For the past few weeks now I have been presented with unrelenting opportunities to voice my truth and expression and I can tell you it’s been a rollercoaster ride!
Tonight I am under the pump with two deadlines regarding the typesetting of my book in readiness for my May launch. But I really did want to touch base with you about what I have been learning these past two months regards having to stand in my power, and in particular, my power of voicing things – whether that be in writing or verbally.
You know, it’s my sense that we all have a particular relationship with voicing things. You either love it or hate it or, more likely, you have areas of life where you are in your element with it and areas where you’d rather run a mile.
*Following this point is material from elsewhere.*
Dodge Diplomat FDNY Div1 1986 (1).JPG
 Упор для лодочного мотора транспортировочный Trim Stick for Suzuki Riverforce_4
Think about it…
Speaking what is true for you
Speaking what you love
Speaking about what is not OK – in the world, and for you
Speaking what needs to be done, and when, and by whom
Speaking what is uncomfortable and not just what is comfortable
Speaking about what you want as well as what you don’t want
Speaking the facts and what is clearly so
Speaking in a quiet tone; a loving tone; a firm yet respectful tone…
…or if required – a ROAR!
I could go on but you get my drift.
Speaking out can feel pretty squirmy at times.
There can be the fear of whether we have irritated someone in doing so, or the concern there may be serious repercussions if we speak.
Many of us can get so mentally preoccupied with what people will think of us that we get tongue tied.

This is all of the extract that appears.